Dave Broder: A reporter at heart

By Ruth Marcus

When Fred Hiatt, the editor of the Washington Post editorial page, offered me the chance to write a weekly column, the first person I turned to for advice was Dave Broder.

I headed to Dave's glassed-in cubicle in the midst of the newsroom. Back in the days when I used to lead tours of The Post for my kids' pre-school classes, this site was always the biggest hit with the moms -- not because Broder was such a journalistic mega-star, which he was, but because the office was so astonishingly, dangerously piled with books and papers it cried out for "clean-up time."

As always, sitting amid the chaos, Dave had a minute.
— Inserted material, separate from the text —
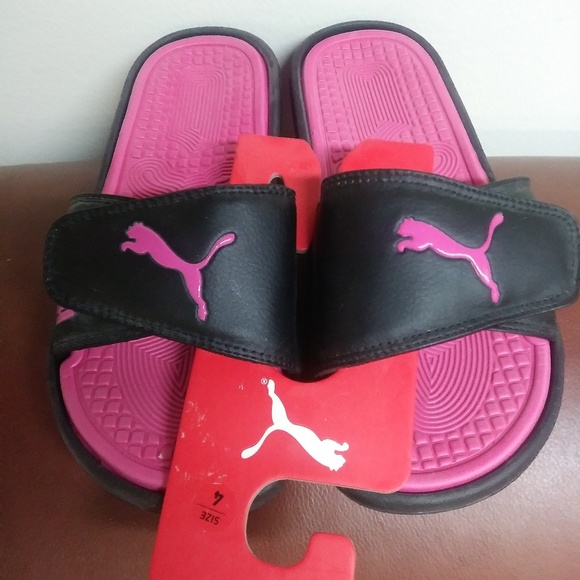 puma cool puma cool
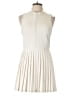 Prince Ivory Romper Size L - photo 1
As always, Dave demurred at the thought that he had any wisdom to offer. As always, he did. "I can't tell you how to write a column but I can tell you what works for me," he said. First, he said, you can only have one big thought per 750-word column. Second, he said, he couldn't simply sit in his office and conjure up Big Thoughts. He had to go out and report.

That was classic Broder, indeed a reporter at heart.

Before I moved back to the solitude of the editorial page staff, I spent years ensconced at a desk right outside Broder's office. When he was there instead of out on a reporting trip, he was a whirlwind of reporting activity. "This is Dave Broder," he would say -- and, after a pause, you would hear, "Oh, yes, senator," "Thanks for getting back to me, governor." The clutter of Broder's office was matched by the orderliness of his mind. He returned all the phone calls, cranked out the columns, knocked on the doors -- all with an energy that would have been astonishing in a 20-year-old.

To be out on the campaign trail with Dave was to receive a lesson in modesty. He was a celebrity; people would line up to shake his hand and take his picture. And his response was always gracious and self-effacing: Where are you from? Tell me something about yourself.

To sit at the table in the Post cafeteria with Dave was to receive a different lesson in modesty. What do you think is going to happen about X, someone would ask. In an era of instant pontificators on every subject imaginable, Broder was willing to say, "I have no clue." When Dave did allow as to how he had a clue, you quickly learned that it paid to listen.

In the age of the Internet, Broder became a favorite target for left-wing bloggers who disdained his willingness to see both sides' point of view, his aversion to invective and his instinct for moderation. "High Broderism" was their term of derision. Over the years, a few snarky bloggers applied it to me, intending insult. It could not have been a higher, if undeserved, compliment.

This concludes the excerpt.